Below is the list of primes between 2 and 100:

2, 3, 5, 7, 11, 13, 17, 19, 23, 29, 31, 37, 41, 
43, 47, 53, 59, 61, 67, 71, 73, 79, 83, 89, 97

If you were given the vector x = c(3, 4, 12, 19, 23, 48, 50, 61, 63, 78), write out the R code necessary to print only the values of x that are not prime (without using subsetting or the %in% operator).

Your code should use nested loops to iterate through the vector of primes and x.

Functions

Function Basics

In R functions are objects, this means we can work with them like any other object in R.

f = function(x) x*x
list(f)

## [[1]]
## function (x) 
## x * x

typeof(f)

## [1] "closure"

Function Parts

The two parts of a function are the arguments (formals) and the code (body).

gcd = function(loc1, loc2)
{
  deg2rad = function(deg) return(deg*pi/180)

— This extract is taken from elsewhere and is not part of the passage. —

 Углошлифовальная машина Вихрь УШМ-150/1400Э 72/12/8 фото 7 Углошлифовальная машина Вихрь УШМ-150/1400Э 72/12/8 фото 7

  lat1 = deg2rad( loc1[1] )
  lat2 = deg2rad( loc2[1] )
  long1 = deg2rad( loc1[2] )
  long2 = deg2rad( loc2[2] )

  R = 6371 # Earth mean radius in km
  d = acos(sin(lat1)*sin(lat2) + cos(lat1)*cos(lat2) * cos(long2-long1)) * R

  return(d) # distance in km
}

formals(gcd)

## $loc1
## 
## 
## $loc2

body(gcd)

## {
##     deg2rad = function(deg) return(deg * pi/180)
##     lat1 = deg2rad(loc1[1])
##     lat2 = deg2rad(loc2[1])
##     long1 = deg2rad(loc1[2])
##     long2 = deg2rad(loc2[2])
##     R = 6371
##     d = acos(sin(lat1) * sin(lat2) + cos(lat1) * cos(lat2) * 
##         cos(long2 - long1)) * R
##     return(d)
## }

los_angeles = c(34.052235, -118.243683)
durham = c(36.002453, -78.905869)

gcd(los_angeles, durham)

## [1] 3564.199

gcd durham to la

Return values

In the preceding slides we have seen two approaches for returning values: explicit and implicit return values. Stylistically, we will prefer the former.

Explicit - includes one or more return statements

f = function(x)
      return(x*x)

Implicit - value of the last statement is returned.

f = function(x)
      x*x

Returning multiple values

If we want a function to return more than one value we can group things using either vectors or lists.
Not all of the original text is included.